Flex and Selkie took off before dawn this morning. They often do this when Brownie and Flex are staying in the bush camp. Selkie and Flex go off for hours and I never know where they go. Sometimes they'll come back streaked with charcoal and I'll know they've been into the firegrounds. Sometimes, while looking for them, I've followed their tracks along the beach for miles. Selkie always comes home exhausted and she's sore for days. There are few roads and no fences around here. It's dog heaven but I always worry about them taking baits.
This morning, Doogs went down to the boat ramp and heard the two dogs barking. It was an early easterly and so he could hear them, their voices calling along the inlet shore. I was mourning the knocking piston death of Queen Ben and beginning my dejected walk home, by the time Brownie and Doogs walked east along the beaches and rocky outcrops to find Selkie and Flex bailing up a huge black boar. Apparently, the pig was standing in the water facing off the two dogs. He was in the inlet, water around his shoulders and nose to nose with Selkie and Flex.

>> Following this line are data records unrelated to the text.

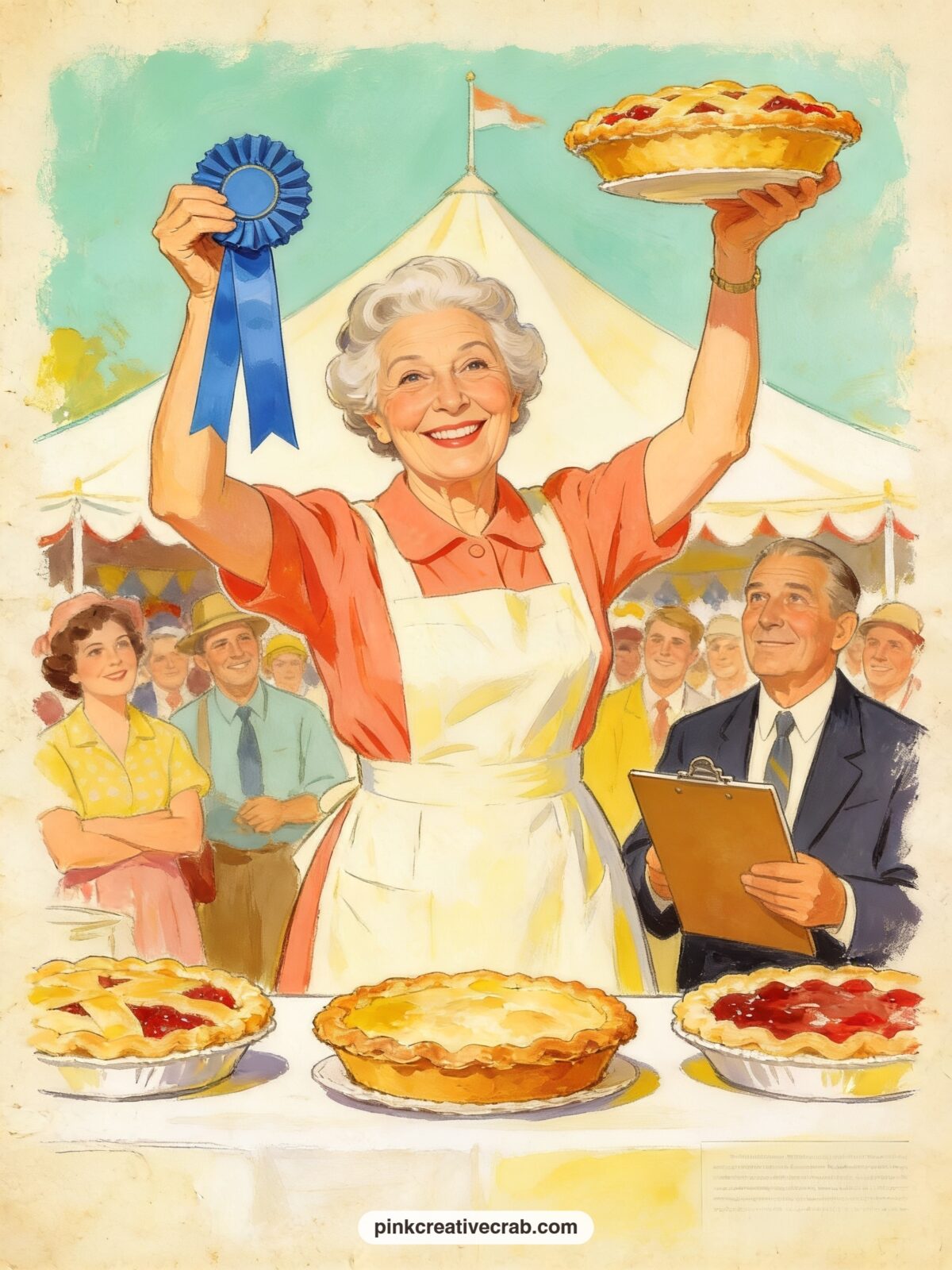 Granny Winning The County Pie Contest printable page — Write the ribbon-winning flavor right on the page, plus two flavors that almost won and one she secretly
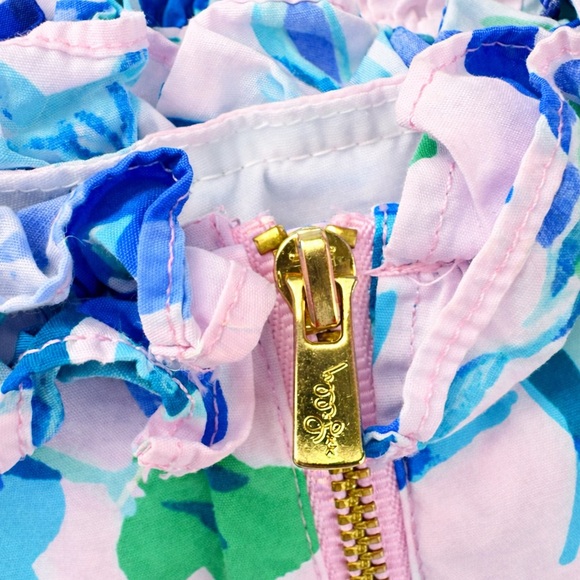 Lilly Pulitzer Girls Blue Floral Dress Size 7 - Picture 5 of 5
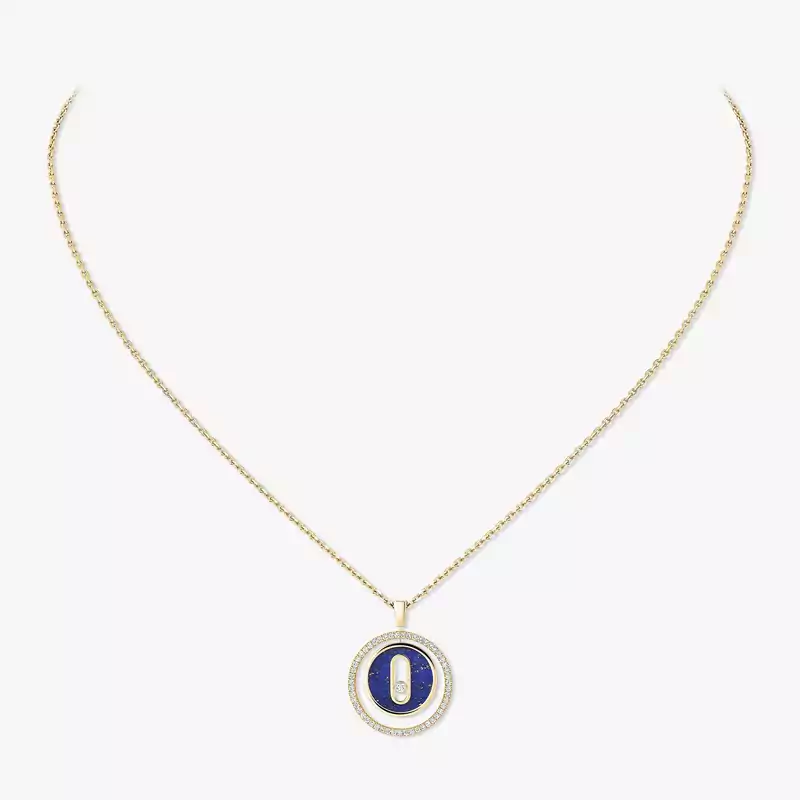 Collier Femme Or Jaune Diamant Lucky Move PM Lapis Lazuli 11978-YG
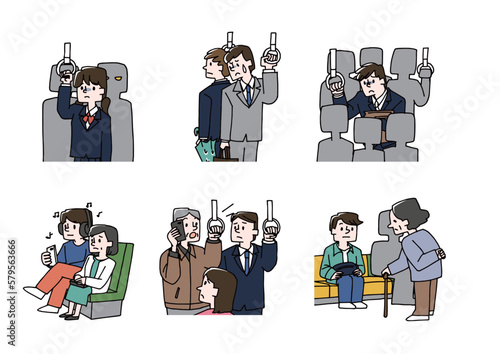 電車やバスの中での犯罪や迷惑行為のイラストセット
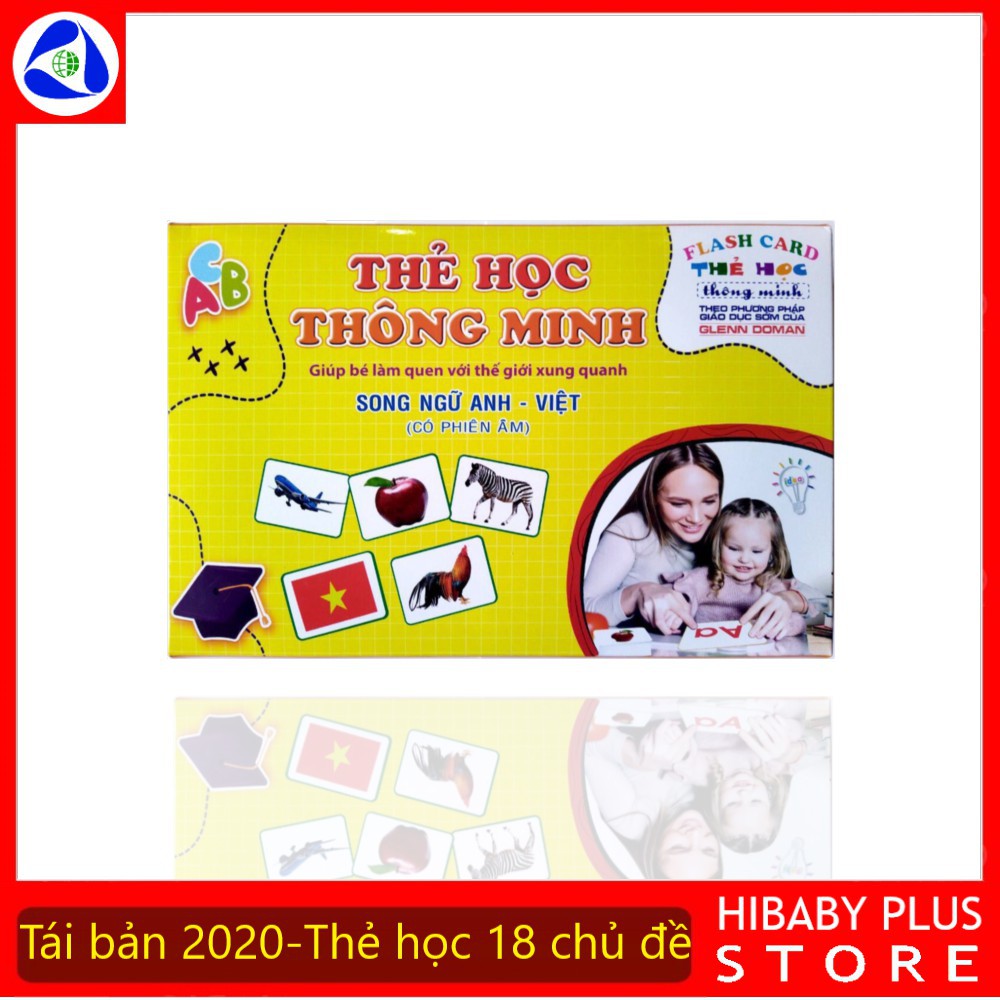 Bộ Thẻ Học Thông Minh cho bé 18 Chủ Đề thẻ học Glenn Doman loại to song ngữ Flashcard tiếng Anh (Hibaby+)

'This pig was huge, Sarah!' Doogs said. I put my head into my arms. Oh. My God. 'Much bigger than these two,' he motioned to Flex and Selkie. 'They were crying and barking like babies though.'
'What a fucking day.'
'We're calling that place Pig Bay,' Brownie nodded over his beer. 'It's something that's happened here and that place needs a name. Never seen that before. Never. A pig facing down some dogs in the water. Never seen it.'
So Pig Bay it is.
This stuff all happened here on New Year's Eve 2023. It's been another mad year yes? Happy New Year Bloggers xxx
Well that was an enjoyable read. It's not only me then. My car is waiting for me to find someone to repair it because I hit a deer. I can't find anybody so I drive it as it is. My cats disappear for weeks in the summer and come back limping and half dead and then I think they've had it and then 24 hours later and they're looking at me as good as new and like saying "what's it with you then?" Happy New Year.
ReplyDeleteYou hit a deer! Poor deer, poor car. Yes Selks is still a bit of a mess, maybe she's done a cruciate again. I guess we think that our domesticated pets are not still part wolf or big cat in their own minds. Happy New Year Rachel.
ReplyDeleteIt was a stupid muntjac, they are regarded as pests around here. It just stood in the road right in front of me in the dark and I could do nothing but hit it. They are not very big fortunately.